WHAT YOU SHOULD DO: Which lines below contain the word "that"? Copy each one.

DATASET ENTRIES:
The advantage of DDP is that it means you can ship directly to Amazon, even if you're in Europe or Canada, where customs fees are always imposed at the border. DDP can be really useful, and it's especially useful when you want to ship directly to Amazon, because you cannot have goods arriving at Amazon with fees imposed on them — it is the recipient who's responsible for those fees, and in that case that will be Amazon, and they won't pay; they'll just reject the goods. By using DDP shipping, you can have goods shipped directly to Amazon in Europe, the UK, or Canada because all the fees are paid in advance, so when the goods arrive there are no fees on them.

--

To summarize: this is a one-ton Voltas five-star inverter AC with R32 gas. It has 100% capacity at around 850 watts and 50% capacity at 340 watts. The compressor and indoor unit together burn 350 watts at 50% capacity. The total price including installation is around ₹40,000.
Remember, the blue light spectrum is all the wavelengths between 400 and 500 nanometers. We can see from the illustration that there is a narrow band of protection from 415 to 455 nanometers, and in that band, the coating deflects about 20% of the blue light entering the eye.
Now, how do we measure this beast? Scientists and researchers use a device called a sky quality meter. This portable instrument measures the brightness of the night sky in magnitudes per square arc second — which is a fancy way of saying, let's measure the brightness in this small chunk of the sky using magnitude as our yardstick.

--

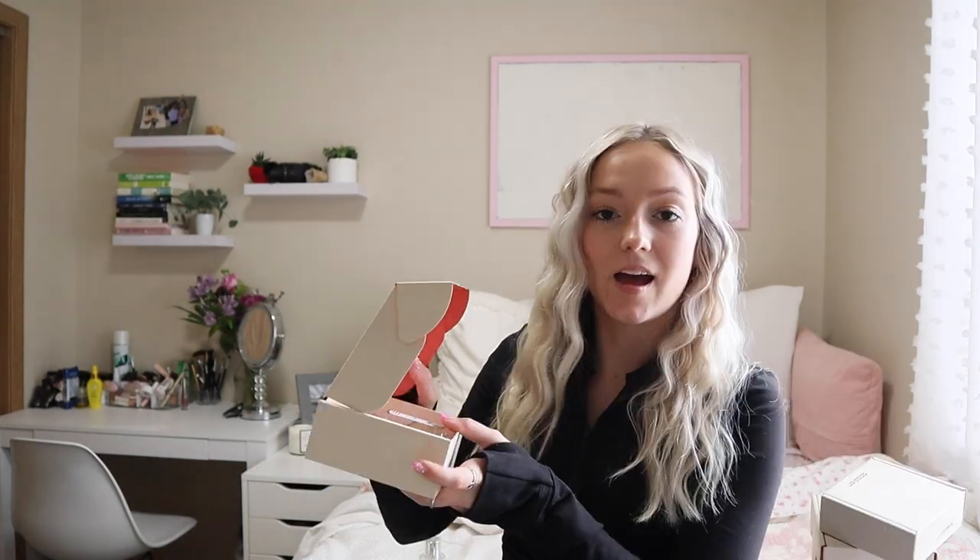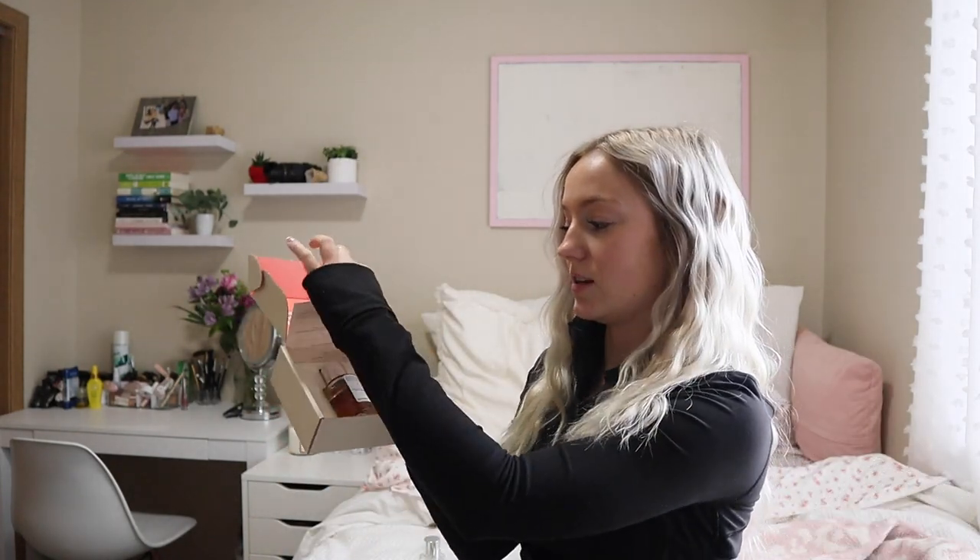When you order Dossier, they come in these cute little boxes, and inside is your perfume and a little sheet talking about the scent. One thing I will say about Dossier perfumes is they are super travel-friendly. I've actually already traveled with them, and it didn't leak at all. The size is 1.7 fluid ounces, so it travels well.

ANSWER FOR THE TASK:
The advantage of DDP is that it means you can ship directly to Amazon, even if you're in Europe or Canada, where customs fees are always imposed at the border. DDP can be really useful, and it's especially useful when you want to ship directly to Amazon, because you cannot have goods arriving at Amazon with fees imposed on them — it is the recipient who's responsible for those fees, and in that case that will be Amazon, and they won't pay; they'll just reject the goods. By using DDP shipping, you can have goods shipped directly to Amazon in Europe, the UK, or Canada because all the fees are paid in advance, so when the goods arrive there are no fees on them.
Remember, the blue light spectrum is all the wavelengths between 400 and 500 nanometers. We can see from the illustration that there is a narrow band of protection from 415 to 455 nanometers, and in that band, the coating deflects about 20% of the blue light entering the eye.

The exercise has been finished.